= Tennessee and Pacific Railroad =

19th-century railroad company

The Tennessee and Pacific Railroad was a 19th-century American company that operated a rail line from Lebanon, Tennessee, to Nashville, Tennessee.

The state of Tennessee chartered the railroad on May 24, 1866. The original plans were to build a line from Knoxville westward through Lebanon, Nashville, and Memphis to Jackson, Mississippi, where it would interconnect with westward-leading railroads to the Pacific Coast. Hauling coal from the nearby Cumberland Mountains to western markets was an important intended source of operation income, as well as from passenger service and produce and freight hauls.

Among the early investors and executives was former Confederate general George Maney, who would serve for nine years as the president of the Tennessee & Pacific, starting in 1868 when he succeeded the late James D. B. DeBow, the well known publisher of DeBow's Review.

Plagued by difficulties in raising enough financing, the company finally began construction in June 1869 of the 29-mile line between Lebanon and Nashville.
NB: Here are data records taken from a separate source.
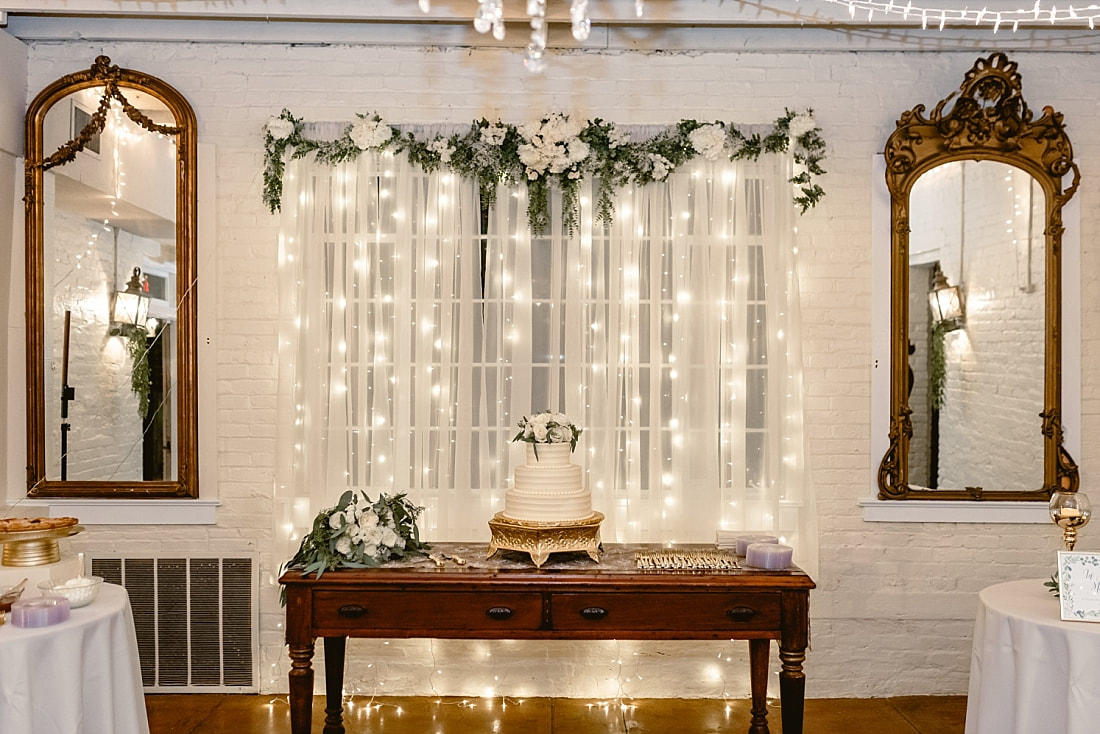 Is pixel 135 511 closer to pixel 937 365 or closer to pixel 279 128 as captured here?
pixel 279 128

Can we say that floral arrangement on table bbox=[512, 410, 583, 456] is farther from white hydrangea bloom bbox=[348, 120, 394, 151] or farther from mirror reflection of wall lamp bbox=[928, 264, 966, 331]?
mirror reflection of wall lamp bbox=[928, 264, 966, 331]

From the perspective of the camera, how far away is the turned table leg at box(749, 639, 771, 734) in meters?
3.62

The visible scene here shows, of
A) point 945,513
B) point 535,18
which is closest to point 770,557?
point 945,513

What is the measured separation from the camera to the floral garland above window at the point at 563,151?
397 cm

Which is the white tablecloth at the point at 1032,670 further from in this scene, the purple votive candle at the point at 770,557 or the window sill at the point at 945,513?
the window sill at the point at 945,513

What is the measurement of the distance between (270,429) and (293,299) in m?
0.64

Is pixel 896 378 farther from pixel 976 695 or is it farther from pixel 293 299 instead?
pixel 293 299

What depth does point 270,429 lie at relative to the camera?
4.12 metres

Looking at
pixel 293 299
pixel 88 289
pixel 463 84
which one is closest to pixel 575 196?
pixel 463 84

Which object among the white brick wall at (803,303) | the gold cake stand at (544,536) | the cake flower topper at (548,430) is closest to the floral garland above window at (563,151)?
the white brick wall at (803,303)

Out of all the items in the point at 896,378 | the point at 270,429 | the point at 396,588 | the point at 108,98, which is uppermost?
the point at 108,98

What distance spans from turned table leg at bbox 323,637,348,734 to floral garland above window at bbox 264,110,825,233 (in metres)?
2.05

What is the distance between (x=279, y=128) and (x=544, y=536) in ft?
7.45

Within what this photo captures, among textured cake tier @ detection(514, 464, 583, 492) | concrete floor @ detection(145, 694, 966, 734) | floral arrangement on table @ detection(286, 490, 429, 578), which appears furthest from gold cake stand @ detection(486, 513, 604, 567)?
concrete floor @ detection(145, 694, 966, 734) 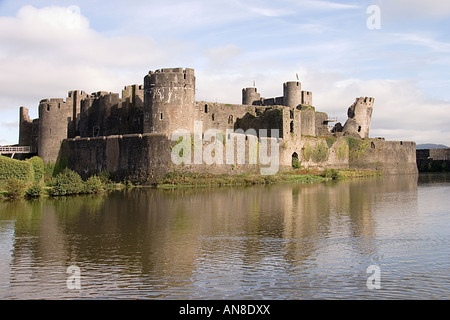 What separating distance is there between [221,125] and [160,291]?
122 ft

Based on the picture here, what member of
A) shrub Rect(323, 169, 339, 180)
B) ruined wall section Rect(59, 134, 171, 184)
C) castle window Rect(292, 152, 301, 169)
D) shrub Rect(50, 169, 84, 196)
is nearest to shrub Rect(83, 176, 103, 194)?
shrub Rect(50, 169, 84, 196)

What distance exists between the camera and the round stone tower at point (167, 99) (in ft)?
131

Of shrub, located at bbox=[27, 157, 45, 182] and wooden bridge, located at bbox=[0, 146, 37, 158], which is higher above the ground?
wooden bridge, located at bbox=[0, 146, 37, 158]

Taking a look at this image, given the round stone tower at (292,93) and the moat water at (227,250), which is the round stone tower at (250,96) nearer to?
the round stone tower at (292,93)

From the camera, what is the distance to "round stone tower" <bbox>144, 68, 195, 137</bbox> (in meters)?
39.8

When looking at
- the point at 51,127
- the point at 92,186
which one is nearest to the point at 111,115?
the point at 51,127

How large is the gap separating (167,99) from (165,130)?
2.31m

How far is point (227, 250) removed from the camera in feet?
47.7

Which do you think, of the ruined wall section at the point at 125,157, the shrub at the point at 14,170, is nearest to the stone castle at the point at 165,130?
the ruined wall section at the point at 125,157

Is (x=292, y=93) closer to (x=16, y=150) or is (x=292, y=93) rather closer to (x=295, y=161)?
(x=295, y=161)

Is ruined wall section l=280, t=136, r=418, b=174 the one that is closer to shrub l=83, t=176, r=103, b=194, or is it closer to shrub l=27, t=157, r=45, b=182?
shrub l=83, t=176, r=103, b=194

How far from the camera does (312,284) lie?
11242 mm

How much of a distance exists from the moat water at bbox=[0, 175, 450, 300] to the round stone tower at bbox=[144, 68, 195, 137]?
1527 centimetres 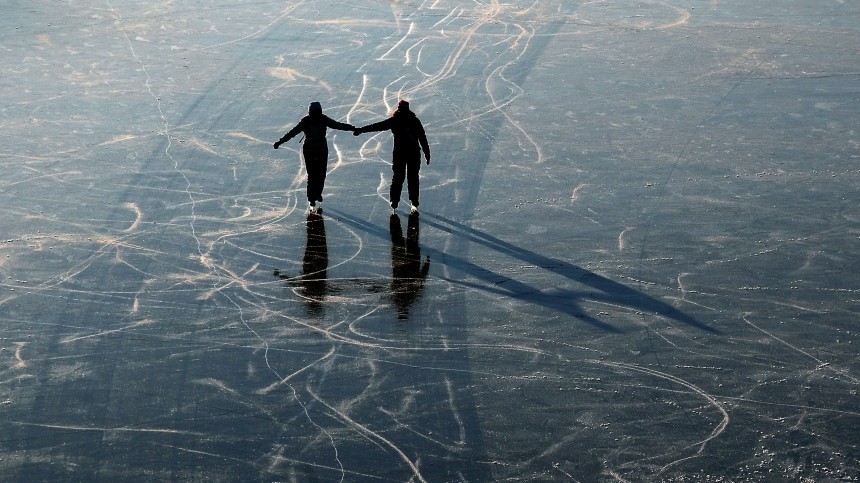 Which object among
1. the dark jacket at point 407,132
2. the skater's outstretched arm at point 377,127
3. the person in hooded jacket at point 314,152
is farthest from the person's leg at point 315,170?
the dark jacket at point 407,132

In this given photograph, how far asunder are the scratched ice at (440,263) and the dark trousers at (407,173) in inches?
10.5

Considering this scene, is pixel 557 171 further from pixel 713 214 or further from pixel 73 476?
pixel 73 476

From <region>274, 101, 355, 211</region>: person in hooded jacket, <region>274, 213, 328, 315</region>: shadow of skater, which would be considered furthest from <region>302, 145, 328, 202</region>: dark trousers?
<region>274, 213, 328, 315</region>: shadow of skater

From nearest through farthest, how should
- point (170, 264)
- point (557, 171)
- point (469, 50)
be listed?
point (170, 264)
point (557, 171)
point (469, 50)

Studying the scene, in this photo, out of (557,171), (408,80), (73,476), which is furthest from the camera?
(408,80)

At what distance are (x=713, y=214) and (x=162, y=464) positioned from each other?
7.54 m

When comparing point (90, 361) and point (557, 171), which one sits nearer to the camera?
point (90, 361)

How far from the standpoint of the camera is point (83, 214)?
44.6ft

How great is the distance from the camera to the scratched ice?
8.96 m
Funds were generated to commission the Rogers Locomotive and Machine Works to manufacture two 4-4-0 locomotives for the new T&P, which were delivered in 1870. These were named the "Wilson County" and the "J.D.B. DeBow".

The segment opened in September 1871 in time to convey passengers to the Wilson County Fair. Headquartered in Lebanon, the fledgling railroad erected a sprawling Victorian-style passenger and freight station, combined with the general offices. Major cargo from local farmers included lumber, butter, flour, and other agricultural products which were shipped to markets in Nashville, where another station house was erected in 1872.

However, the financial problems resurfaced and management could not repay the railroad company's debts. In 1877, the state revoked the charter and seized the Tennessee & Pacific. The company and its assets were sold on March 1 to the Nashville, Chattanooga and St. Louis Railway. The T&P stayed in operation under its old name until 1888, when it became the NC&StL Lebanon Branch. Passenger service continued on the old line until 1935, when the last train departed Lebanon.